Collected material:
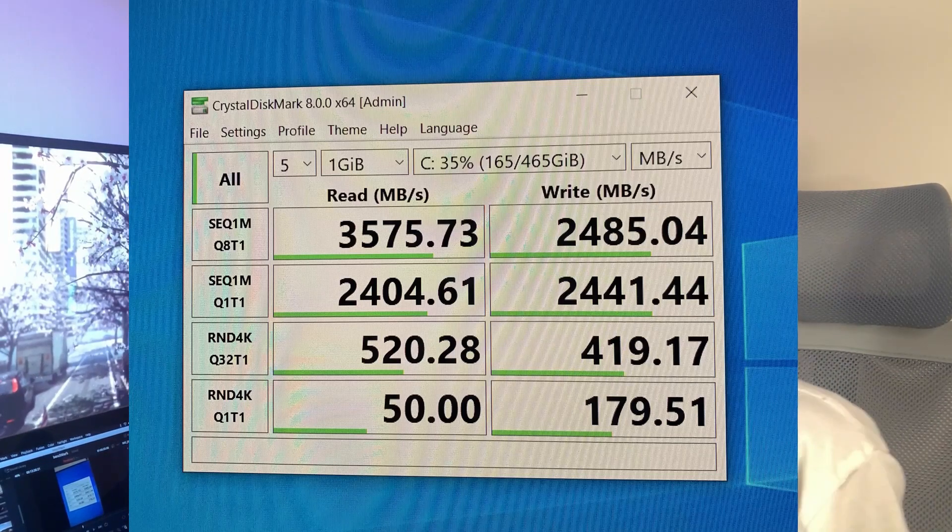If you're coming from even a regular SSD or a hard drive, you're definitely going to notice a difference when moving files or deleting stuff. It's been super helpful, especially getting things set up for the first time — downloading games, drivers, and dragging files from my external hard drive. It's been incredibly quick.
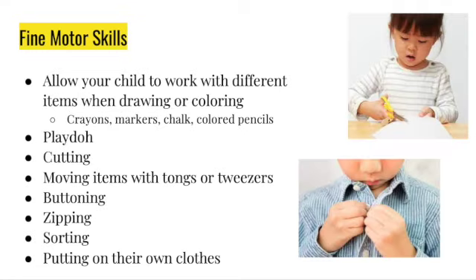One of the important things your child is going to need when they come into kindergarten is fine motor skills. These are the muscles within our hands that allow them to grip a pencil, a crayon, or be able to cut with scissors. Some things you can do this summer is allow them to work with different items when drawing or coloring — crayons, colored pencils, markers, or chalk.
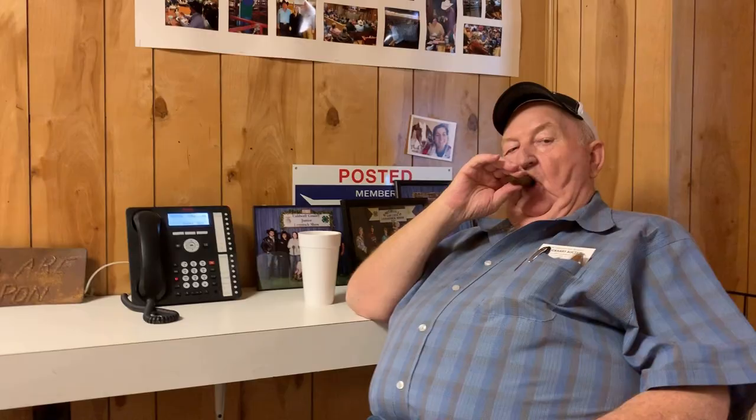I couldn't help but notice there weren't many younger buyers at the auction — a fact not lost on Craig, who said: 'Take note, I'm the youngest here and I'm 61. We need more people in the pipeline.' It's a real concern for the future of the cattle industry.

Problem details:
Output all the material verbatim, skipping every image.

Result below:
If you're coming from even a regular SSD or a hard drive, you're definitely going to notice a difference when moving files or deleting stuff. It's been super helpful, especially getting things set up for the first time — downloading games, drivers, and dragging files from my external hard drive. It's been incredibly quick.
One of the important things your child is going to need when they come into kindergarten is fine motor skills. These are the muscles within our hands that allow them to grip a pencil, a crayon, or be able to cut with scissors. Some things you can do this summer is allow them to work with different items when drawing or coloring — crayons, colored pencils, markers, or chalk.
I couldn't help but notice there weren't many younger buyers at the auction — a fact not lost on Craig, who said: 'Take note, I'm the youngest here and I'm 61. We need more people in the pipeline.' It's a real concern for the future of the cattle industry.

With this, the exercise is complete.